EXERCISE: Below are entries with pictures among them; reproduce exactly, and only, the lines from the one containing "學而思大語文分級閱讀·吹牛大王歷險記(關" down to the one containing "Electric Sounding Walking", without the pictures.

EXTRACTED RECORDS:
_ _ _ _ _
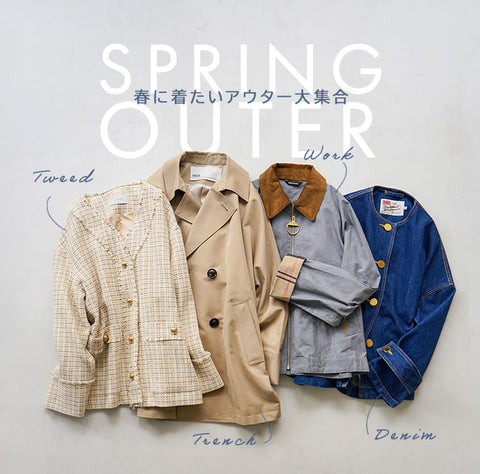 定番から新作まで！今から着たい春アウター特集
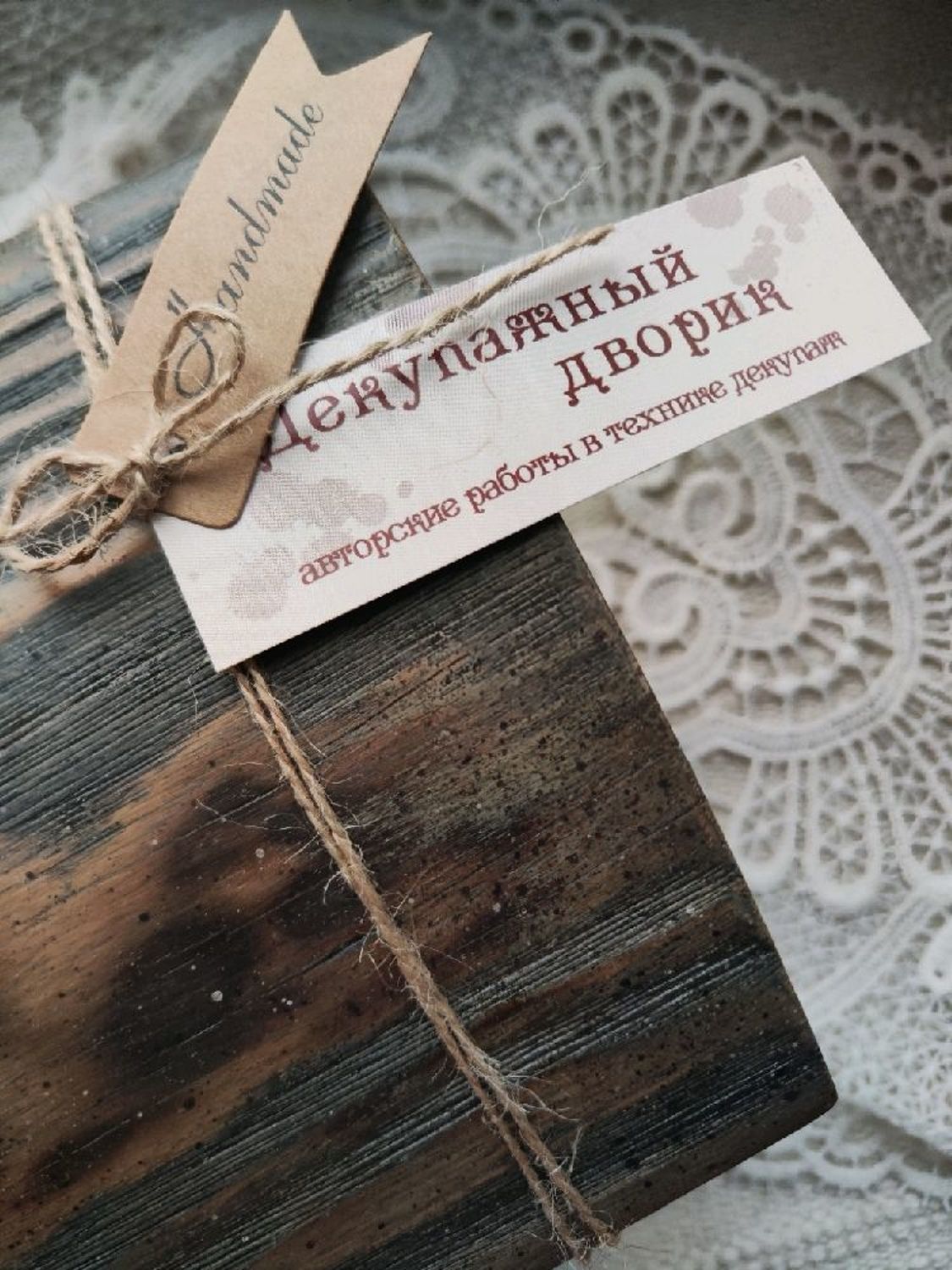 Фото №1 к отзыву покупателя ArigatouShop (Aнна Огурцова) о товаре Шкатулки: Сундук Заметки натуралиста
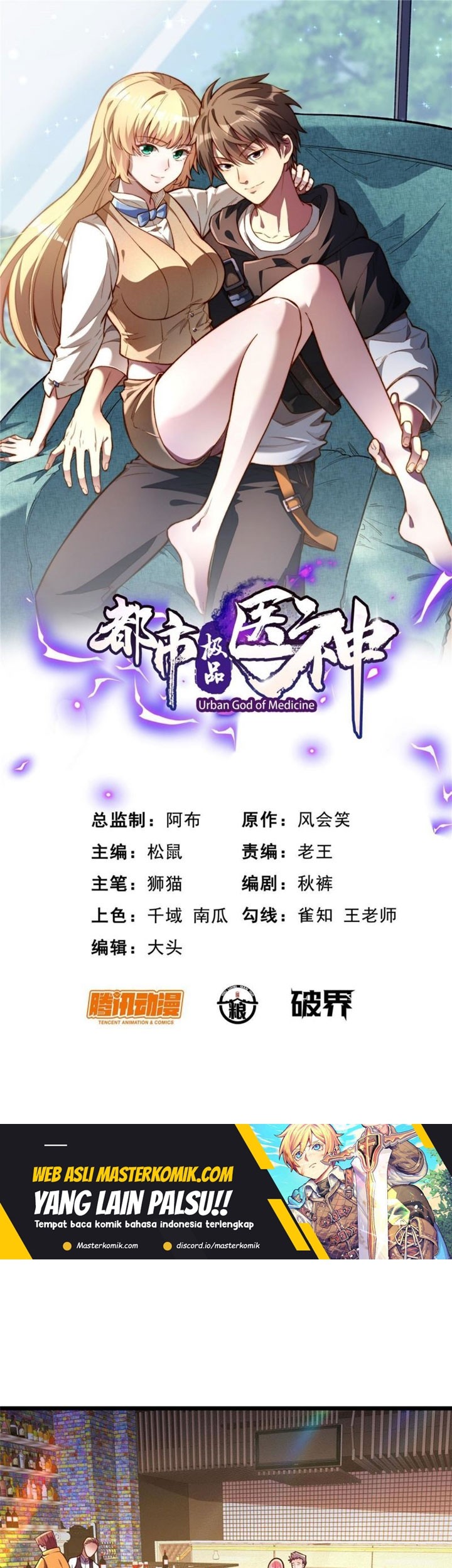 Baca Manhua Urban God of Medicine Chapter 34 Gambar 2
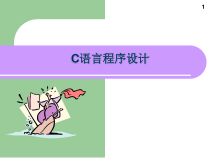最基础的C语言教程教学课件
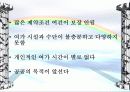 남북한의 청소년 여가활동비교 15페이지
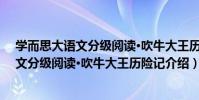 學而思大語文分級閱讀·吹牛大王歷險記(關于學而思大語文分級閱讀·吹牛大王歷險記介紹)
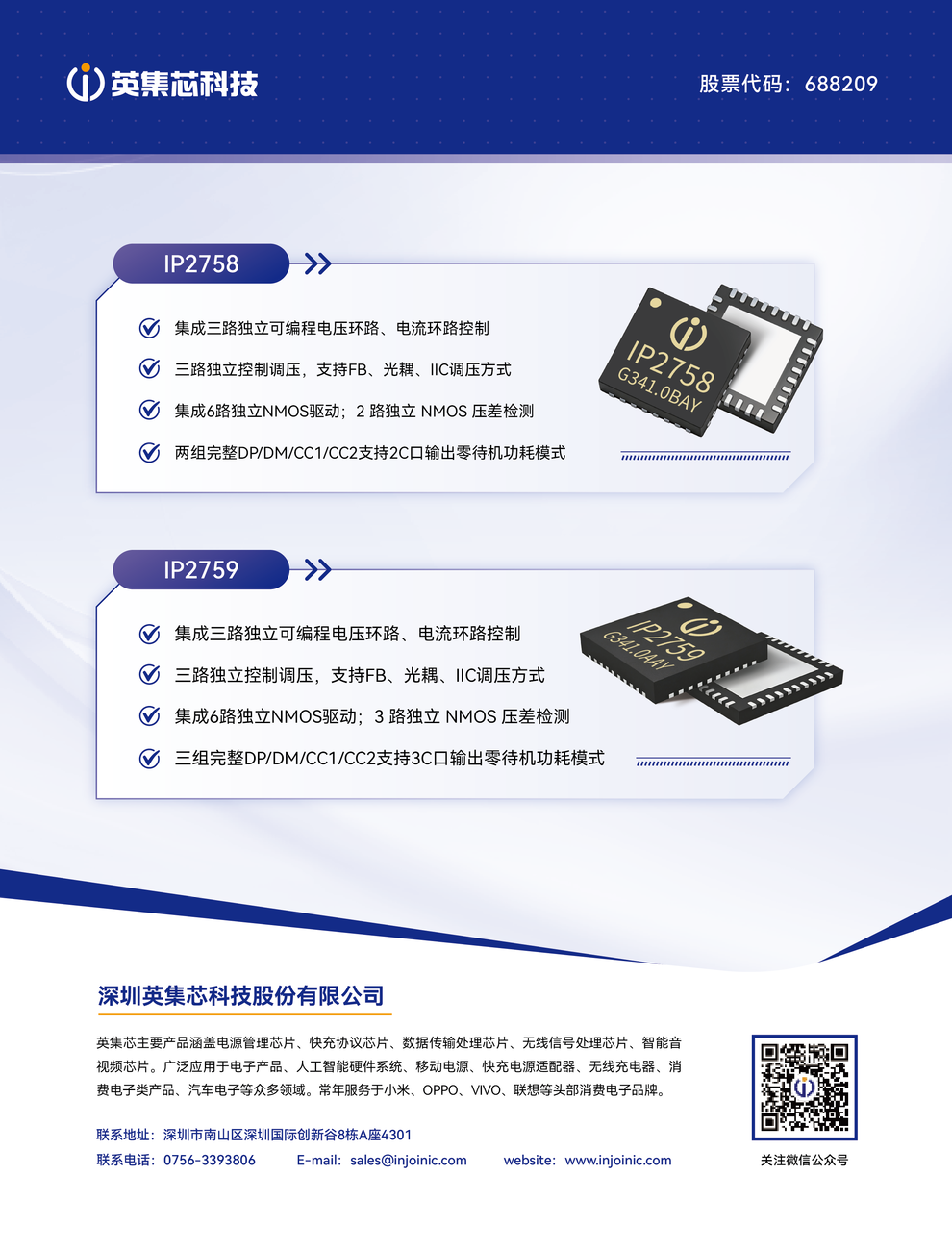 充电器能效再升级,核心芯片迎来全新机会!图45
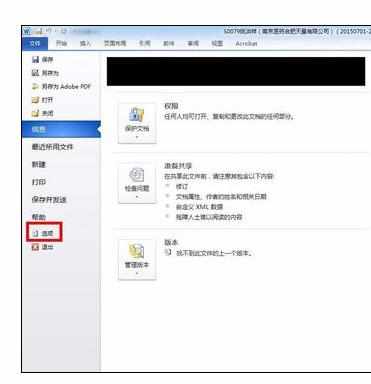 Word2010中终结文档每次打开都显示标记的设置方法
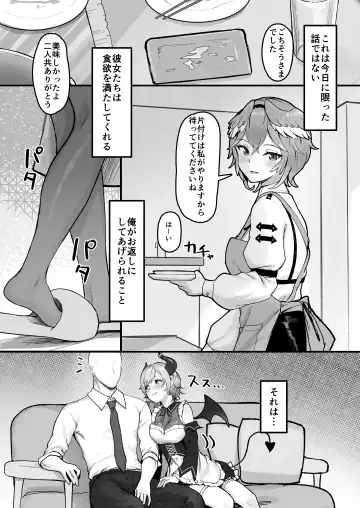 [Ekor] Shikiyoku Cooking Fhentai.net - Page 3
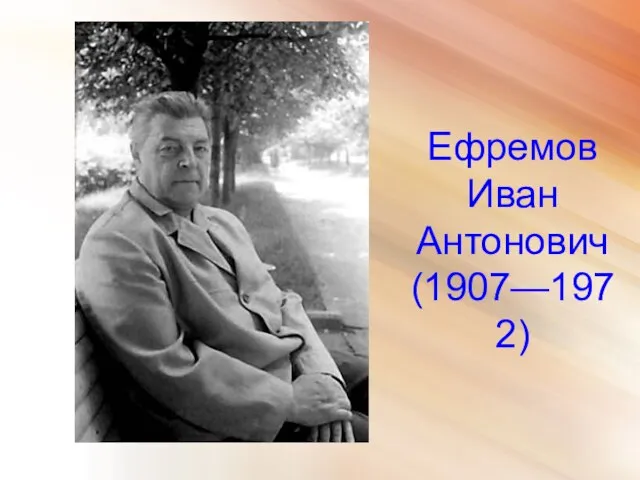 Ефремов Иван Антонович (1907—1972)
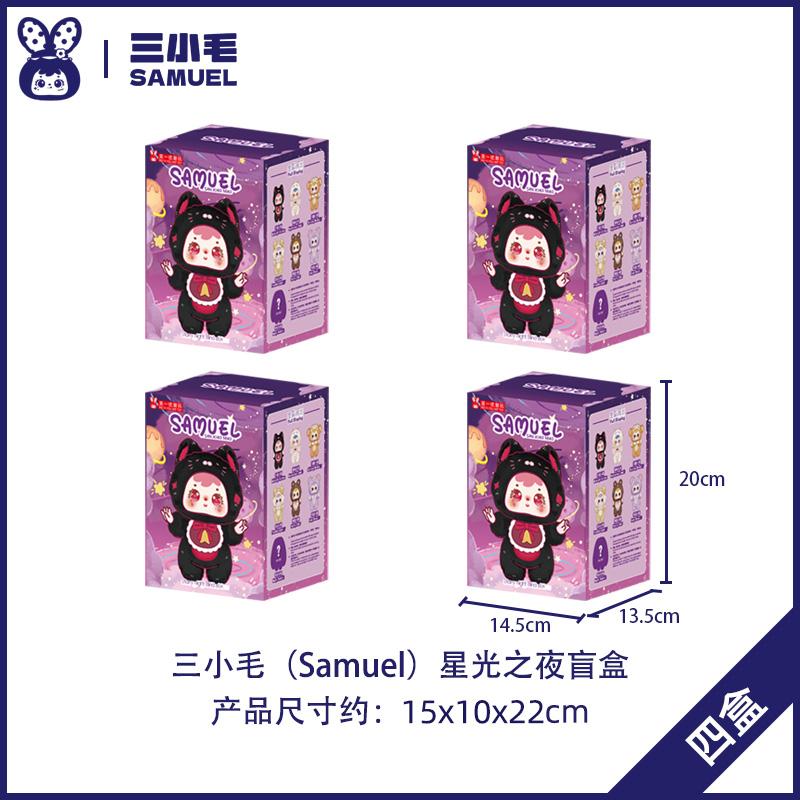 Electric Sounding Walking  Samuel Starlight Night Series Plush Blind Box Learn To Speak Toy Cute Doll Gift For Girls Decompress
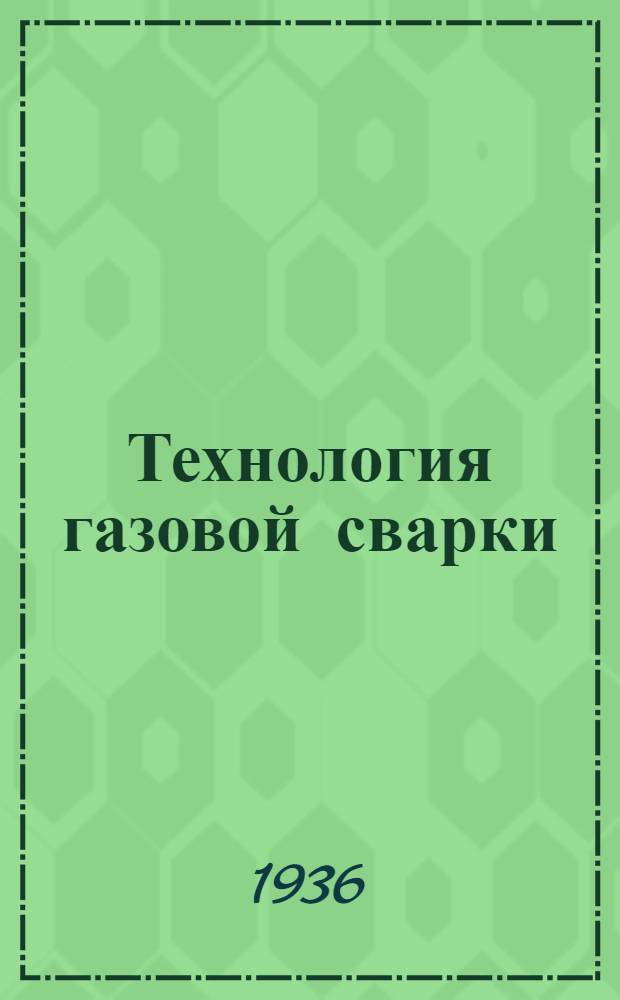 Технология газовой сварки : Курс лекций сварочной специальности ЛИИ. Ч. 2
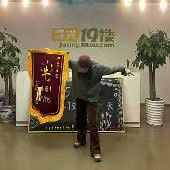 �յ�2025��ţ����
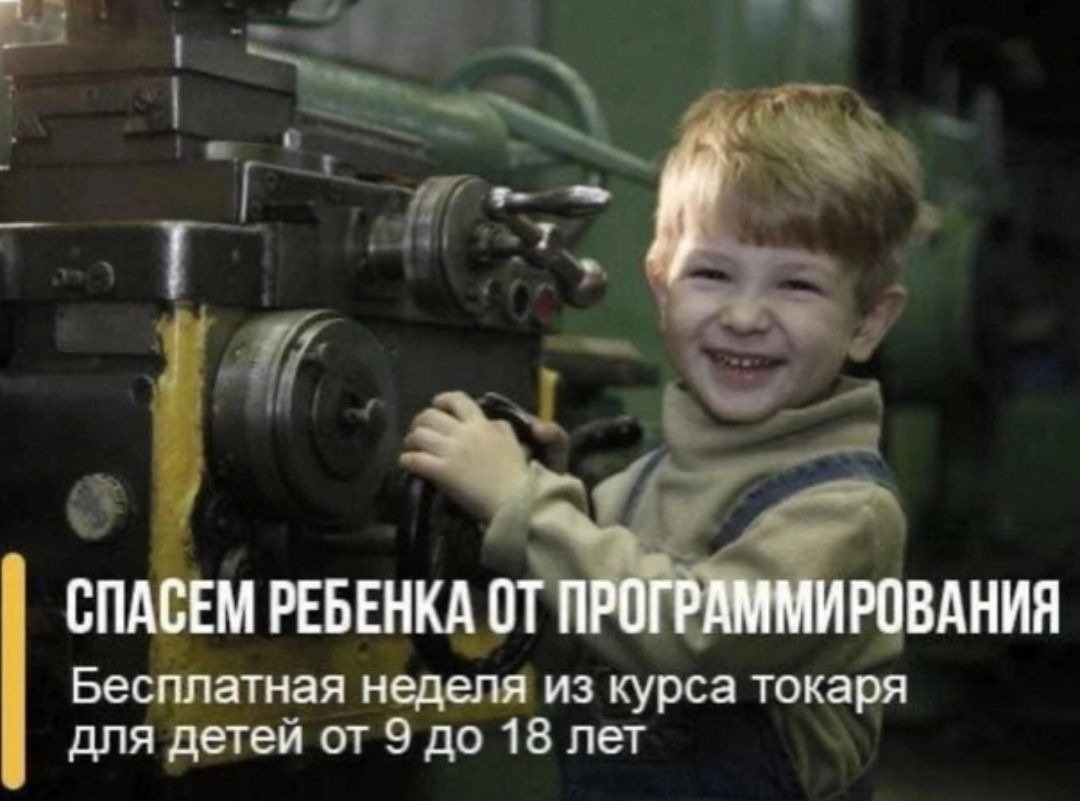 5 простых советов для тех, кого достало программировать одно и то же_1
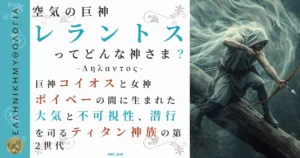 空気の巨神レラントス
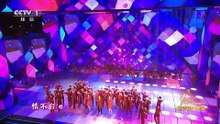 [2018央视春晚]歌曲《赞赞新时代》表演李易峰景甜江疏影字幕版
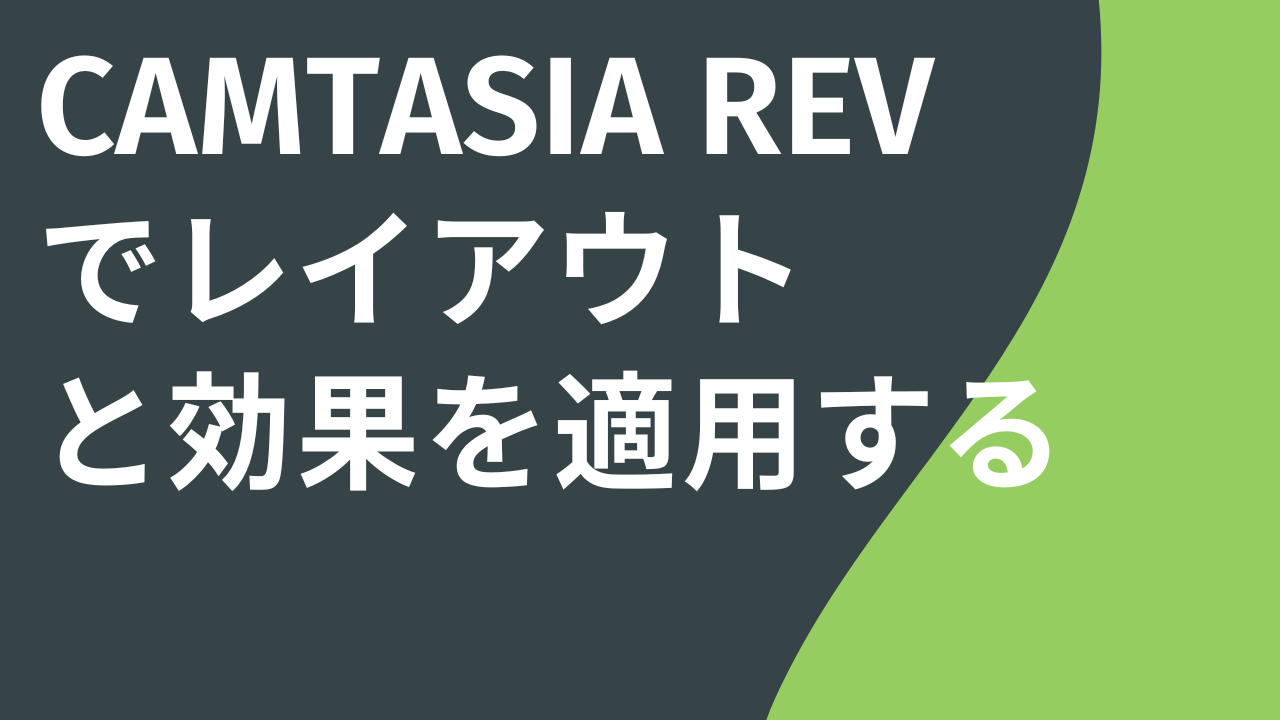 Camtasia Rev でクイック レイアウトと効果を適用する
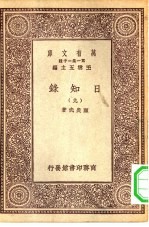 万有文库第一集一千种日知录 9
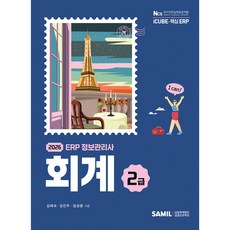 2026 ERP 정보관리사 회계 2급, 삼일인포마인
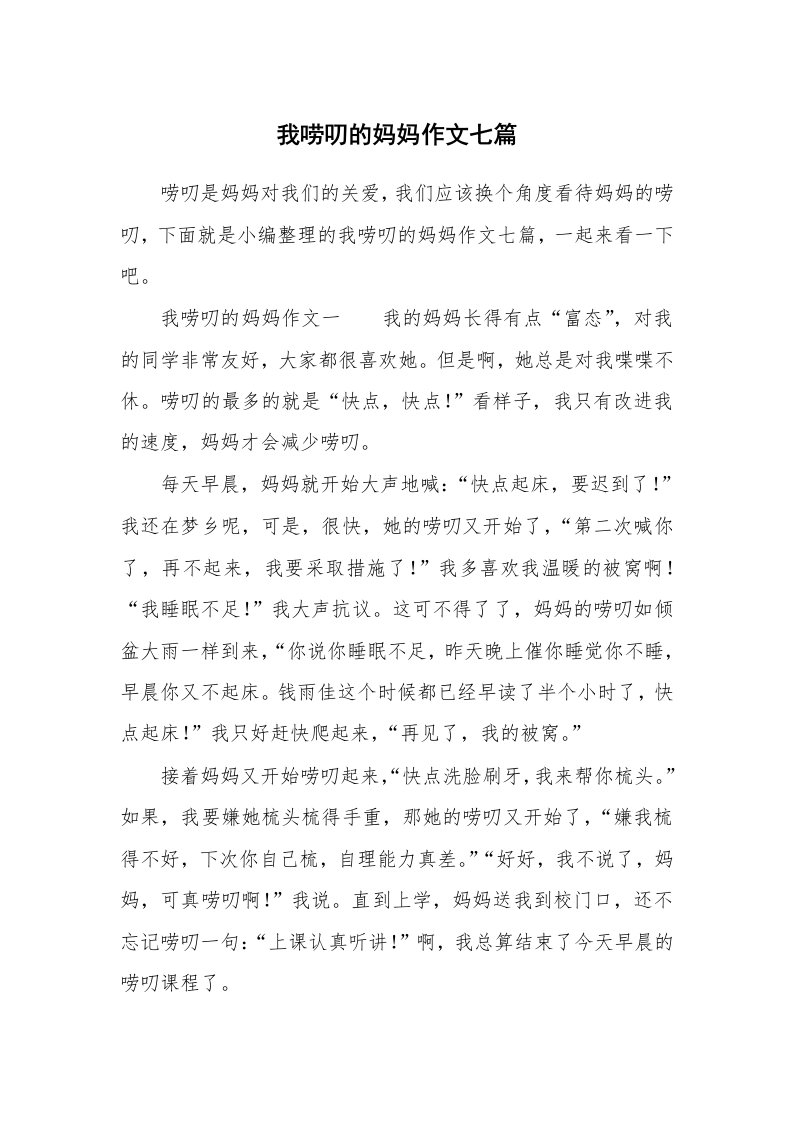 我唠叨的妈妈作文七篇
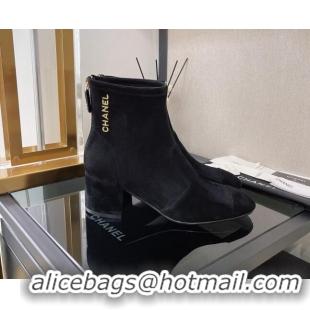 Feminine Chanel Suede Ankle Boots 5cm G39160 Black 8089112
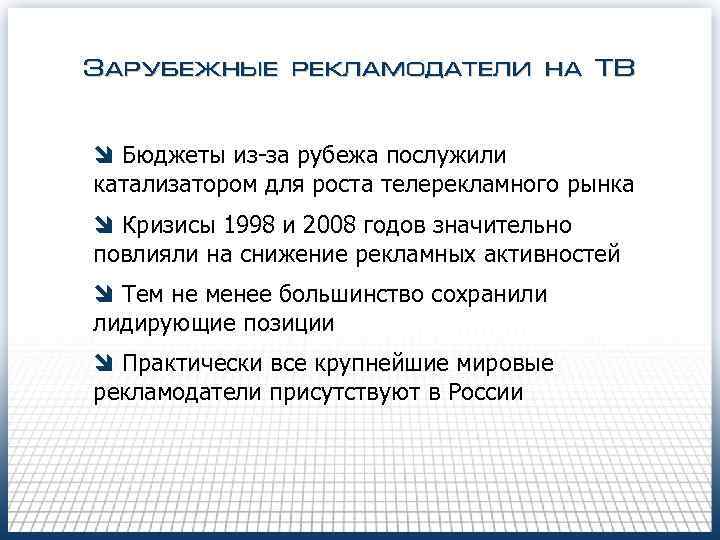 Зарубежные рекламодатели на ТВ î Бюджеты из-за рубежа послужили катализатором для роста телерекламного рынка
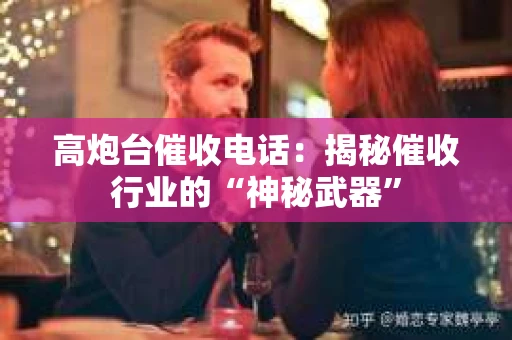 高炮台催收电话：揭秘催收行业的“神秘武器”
_ _ _ _ _
RESULT OF THIS TASK:
 學而思大語文分級閱讀·吹牛大王歷險記(關于學而思大語文分級閱讀·吹牛大王歷險記介紹)
 充电器能效再升级,核心芯片迎来全新机会!图45
 Word2010中终结文档每次打开都显示标记的设置方法
 [Ekor] Shikiyoku Cooking Fhentai.net - Page 3
 Ефремов Иван Антонович (1907—1972)
 Electric Sounding Walking  Samuel Starlight Night Series Plush Blind Box Learn To Speak Toy Cute Doll Gift For Girls Decompress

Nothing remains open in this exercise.